**Given information**:
Start of Block

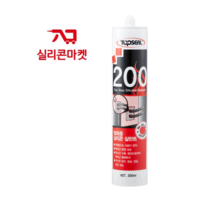 탑씰 F200 방화용 흑색 실리콘 탑프라 방화 실리콘, 1개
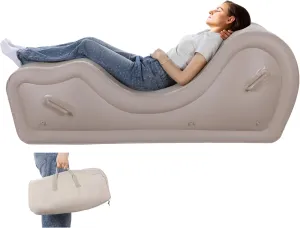 BALAPET Inflatable Yoga Chaise Lounge Reading Chair Outdoor Indoor Zero Gravity Chaise Lounger Ergonomic Positioning for Better Relaxation Living Room Lounge Sofa for Resting(Not Include inflator)
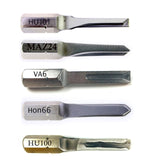 Professional Car Key Locksmith Tools  5pcs Power Key Combination Stainless Steel HU101 HU64 HU100 HON66  TOY43 Strong Key Tools
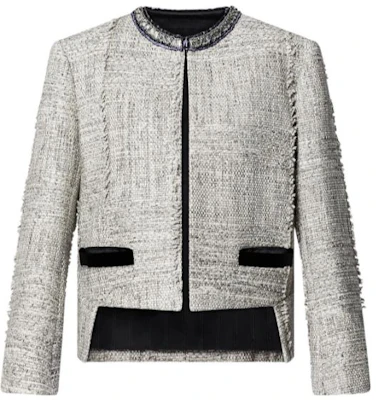 (W) 路易威登 SS22 白色粗花呢寬鬆外套 1A9XL5 Order (W) 路易威登 SS22 白色粗花呢寬鬆外套 1A9XL5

End of Block

**Work task**: Once the line containing "BALAPET Inflatable Yoga" is found, write it out exactly along with every line after it through the end of the listing, excluding pictures.

**Answer to this problem**:
 BALAPET Inflatable Yoga Chaise Lounge Reading Chair Outdoor Indoor Zero Gravity Chaise Lounger Ergonomic Positioning for Better Relaxation Living Room Lounge Sofa for Resting(Not Include inflator)
 Professional Car Key Locksmith Tools  5pcs Power Key Combination Stainless Steel HU101 HU64 HU100 HON66  TOY43 Strong Key Tools
 (W) 路易威登 SS22 白色粗花呢寬鬆外套 1A9XL5 Order (W) 路易威登 SS22 白色粗花呢寬鬆外套 1A9XL5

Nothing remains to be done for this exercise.